20a first surface 20b second surface

200 support column 201 conductive column

Carrier structure 210 line layer on 21

211 insulating layer 212 Electrical contact pad

22 lower bearing structure of cladding layer 23

230 dielectric layer 231 routing layer

232 electrical connection pad 233 solder material

24,34 active surface of electronic component 24a

24b non-active surface 240 electrode pad

25 conductive bump 26 encapsulation layer

27 conductive element 29 resist

290 open area 3a shield structure

310 first ground plane 330 second ground plane

S, L cutting the path.

Detailed Description

The following description of the embodiments of the present invention is provided by way of specific examples, and other advantages and effects of the present invention will be readily apparent to those skilled in the art from the disclosure herein.

It should be understood that the structures, proportions, and dimensions shown in the drawings and described herein are for illustrative purposes only and are not intended to limit the scope of the present invention, which is defined by the claims, but rather by the claims. In addition, the terms "first", "second", "upper" and "a" as used herein are for the sake of clarity only, and are not intended to limit the scope of the present invention, and changes or modifications of the relative relationship may be made without substantial technical changes.

Please refer to fig. 2A to fig. 2F, which are schematic cross-sectional views illustrating a method for manufacturing an electronic package 2 according to the present invention.

As shown in fig. 2A, a conductive frame 20 is coupled to at least one upper supporting structure 21.

In this embodiment, the conductive frame 20 includes a plate 20 ' and a plurality of conductive posts 201 separately disposed on the plate 20 ', wherein the peripheral surface of the conductive posts 201 has an inward concave arc shape with respect to two opposite end surfaces, and the plate 20 ' and the conductive posts 201 are integrally formed. Specifically, a portion of a metal plate, such as a copper plate, is etched, laser-etched, or otherwise removed to form a plurality of spaced conductive pillars 201 on the plate 20'.

In addition, the board body 20 'has a first surface 20a and a second surface 20b opposite to each other, wherein the conductive pillars 201 are formed on the first surface 20a, and a patterned resist layer 29 is formed on the second surface 20b, so that the resist layer 29 has a plurality of opening regions 290, so that a portion of the second surface 20b of the board body 20' is exposed out of the opening regions 290.

In addition, the upper supporting structure 21 is, for example, a singulated package substrate (substrate) having a core layer and a circuit portion or a coreless (wire) singulated package substrate having a circuit portion, the circuit portion has at least one insulating layer 211 and a circuit layer 210 disposed on the insulating layer 211, the circuit layer 210 is, for example, a fan out (fan out) redistribution layer (RDL), and the outermost circuit layer 210 has a plurality of electrical contact pads 212, so as to combine the end surfaces of the conductive pillars 201 to electrically connect the conductive pillars 201 to the circuit layer 210.

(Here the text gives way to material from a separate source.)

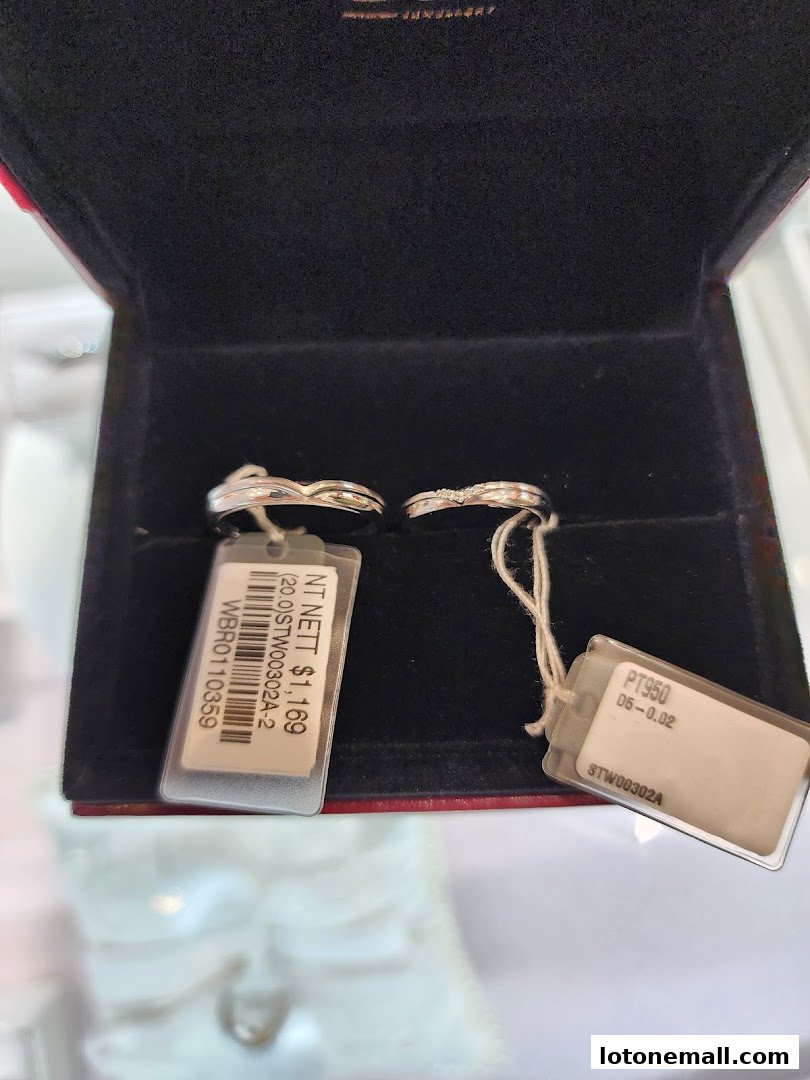 Two elegant diamond rings displayed in a velvet jewelry box with price tags.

The material forming the circuit layer 210 is, for example, copper, and the material forming the insulating layer 211 is, for example, a dielectric material such as Polyoxadiazole (PBO), Polyimide (PI), or Prepreg (PP). It should be understood that the upper supporting structure 21 may also be other supporting units for supporting electronic devices such as chips, for example, lead frame (lead frame) or silicon interposer (silicon interposer), but is not limited thereto.

As shown in fig. 2B, a cladding layer 22 is formed between the first surface 20a of the board body 20' and the upper carrying structure 21, so that the cladding layer 22 wraps the conductive pillars 201 and the side surfaces of the upper carrying structure 21.

In the embodiment, the cladding layer 22 is an insulating material, such as Polyimide (PI), dry film (dry film), and molding compound (molding compound) such as epoxy resin (epoxy). For example, the process of the coating layer 22 can be selected from liquid compound (liquid compound), spraying (injection), pressing (laminating), molding (compression molding), and the like.

As shown in fig. 2C, the plate body 20' is patterned to form a plurality of support posts 200. Thereafter, the resist layer 29 is removed to form a first package module 2a including the upper carrier structure 21, the supporting pillars 200, the conductive pillars 201 and the encapsulating layer 22.

In the present embodiment, the material of the board body 20 'exposed in the opening 290 of the resist layer 29 is removed by etching, and the material of the board body 20' covered by the resist layer 29 is remained to serve as the supporting pillars 200, so that the supporting pillars 200 are correspondingly located on the end surfaces of the conductive pillars 201. For example, the resist layer 29 serves as an etch stop layer, which is a metal material or a conductive material, such as Ni/Au, Ni/Pd/Au or other suitable materials.

In addition, the appearance of the supporting pillar 200 is similar to that of the conductive pillar 201. For example, the circumferential surface of the supporting column 200 is concavely curved with respect to the two end surfaces thereof, so that the width of the two end surfaces of the supporting column 200 is greater than the width of the circumferential surface thereof.

As shown in fig. 2D, a singulation process is performed along the cutting path L shown in fig. 2C to obtain a plurality of first package modules 2a, and the plurality of first package modules 2a are disposed on a second package module 2b by the supporting posts 200 thereof.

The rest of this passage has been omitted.